This week, the FTC cracked down on day-trading investment advertising and Chair Khan discussed the agency’s enforcement priorities, including the proliferation of non-compete agreements. The Commission tentatively announced it will discuss expansive changes to the Telemarketing Sales Rule at its April 28 Open Commission Meeting. These stories and more after the jump.
Tuesday, April 19, 2022
Bureau of Consumer Protection: Deceptive Advertising and Marketing
- The FTC settled a lawsuit against day-trading online educator Warrior Trading and its CEO Ross Cameron in relation to a concurrently filed complaint in the Western District of Massachusetts. Warrior Trading sells day-trading strategy programming online, and its advertising showcased the trading results of Mr. Cameron. In the complaint, the agency alleged that Warrior Trading and Mr. Cameron’s sales pitch misled consumers with unrealistic claims of big investment gains in violation of Section 5(a) of the Federal Trade Commission Act and the Telemarketing Sales Rule (TSR) under the Telemarketing and Consumer Fraud and Abuse Act. Under the parties’ settlement, Warrior Trading has agreed to pay $3 million in civil penalties. The proposed order prohibits Warrior Trading from making unsubstantiated earnings claims and further violating the TSR. Samuel Levine, Director of the FTC’s Bureau of Consumer Protection, commented on the case in the agency’s press release and noted that “[t]he FTC will continue its crackdown on false earnings claims and phony opportunities.”
Thursday, April 21, 2022
FTC Internal Operations: Tentative Agenda for April 28 Open Commission Meeting
- Chair Lina Khan announced that an open meeting of the Commission will be held virtually on Thursday, April 28, 2022, at 1:00 PM ET. The Commission will vote on a Notice of Proposed Rulemaking and Advanced Notice of Proposed Rulemaking regarding the Telemarketing Sales Rule (TSR). The Notice proposes amending the TSR’s recordkeeping requirements and prohibiting deception in business-to-business telemarketing calls, while the Advanced Notice seeks public comment on tech-support scams, click-to-cancel requirements, robocalls, and telemarketing to small businesses. Given that business-to-business calls are largely excluded from the current TSR, the FTC’s presentation on its proposed rulemaking will be followed closely. Agency staff also will provide a presentation on the impact of AMG Capital Management v. FTC, in which the Supreme Court ruled that the Commission lacks authority under Section 13(b) of the Federal Trade Commission Act to seek monetary relief in federal court.

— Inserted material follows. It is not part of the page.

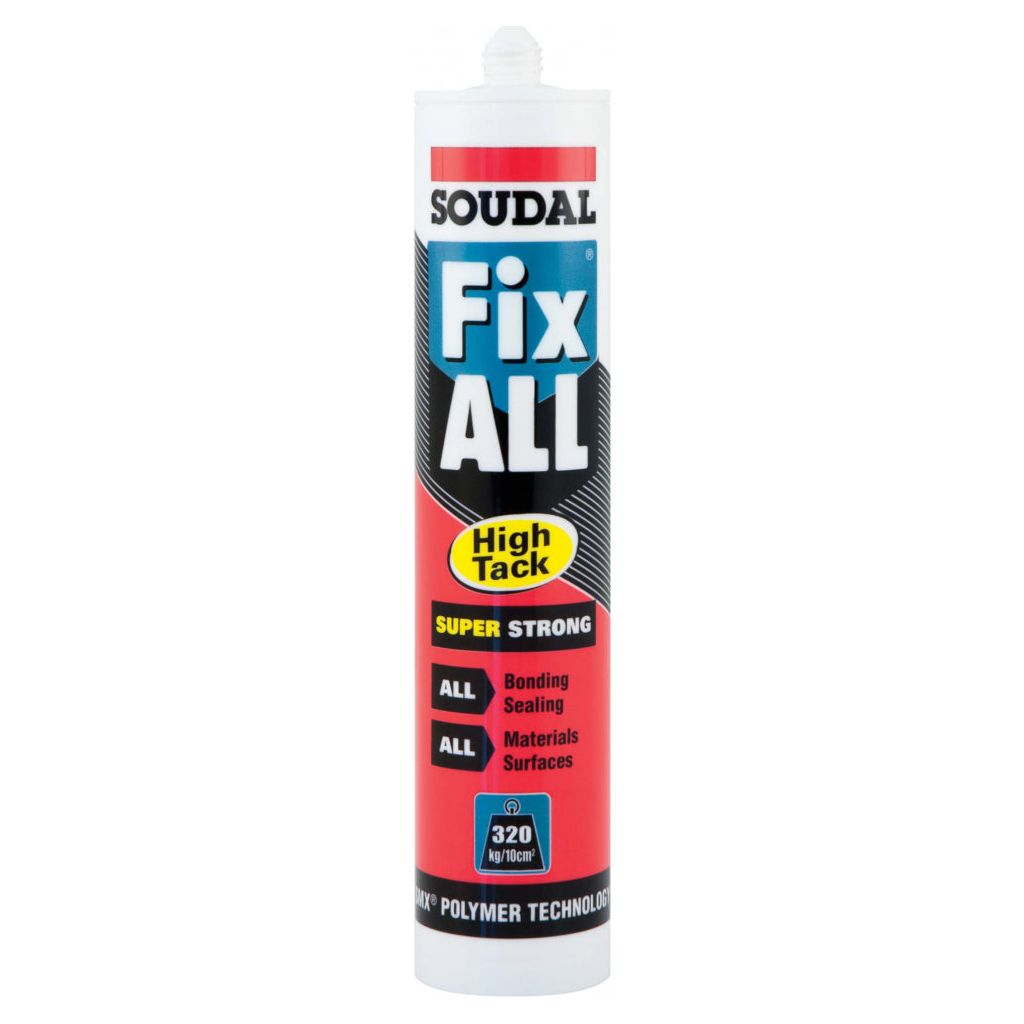 Soudal Fix All Super Strong Sealant/Adhesive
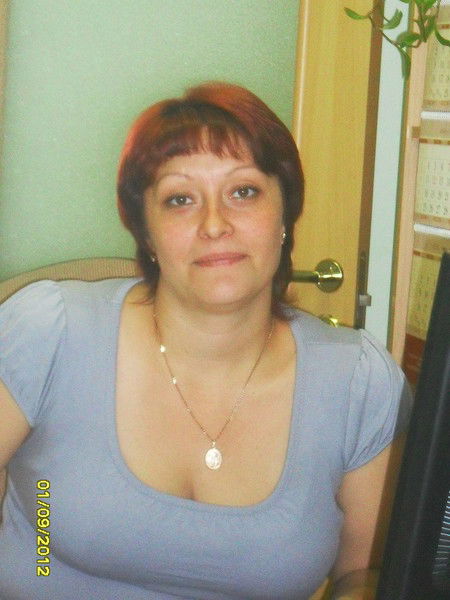 Ольга Вершинина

Bureau of Competition: Premerger Notification Civil Penalties
- The United States District Court for the District of Columbia approved the FTC’s settlement with founder Clarence Werner of truckload carrier Werner Enterprises, Inc. in relation to a complaint the Commission filed in December 2021. The agency alleged Mr. Werner violated the Hart-Scott-Rodino (HSR) Act’s premerger notification requirements in relation to certain acquisitions he made in company stock between 2007 and 2020. Mr. Werner must pay a civil penalty of $486,900 and comply with the HSR Act’s reporting requirements.
Friday, April 22, 2022
Internal FTC Operations: Remarks on Enforcement Priorities
- Chair Lina Khan spoke at the 2022 Antitrust and Competition Conference sponsored by the University of Chicago Stigler Center. Chair Khan discussed how she views the harms associated with agency inaction as worse than the risk of agency backlash. She reported that the FTC is reexamining its processes related to mergers such as Hart-Scott-Rodino (HSR) Act timelines and forms, Department of Justice Merger Guidelines, and the agency’s use of merger settlements. When asked about unsuccessful high-profile cases, Chair Khan posited that unsuccessful enforcement actions can signal necessary changes to legislators. Importantly, she warned that “efficiency” does not appear in the text of U.S. antitrust laws and that the FTC’s inquiry should focus on unfair methods of competition, defined on the agency’s terms. She confirmed the agency is studying the proliferation of non-compete agreements as a method of unfair competition. On the consumer protection side, Chair Khan explained that the agency was reanalyzing the types of harm that may qualify as substantial injury under consumer protection statutes and previewed a more expansive view beyond traditional monetary damages.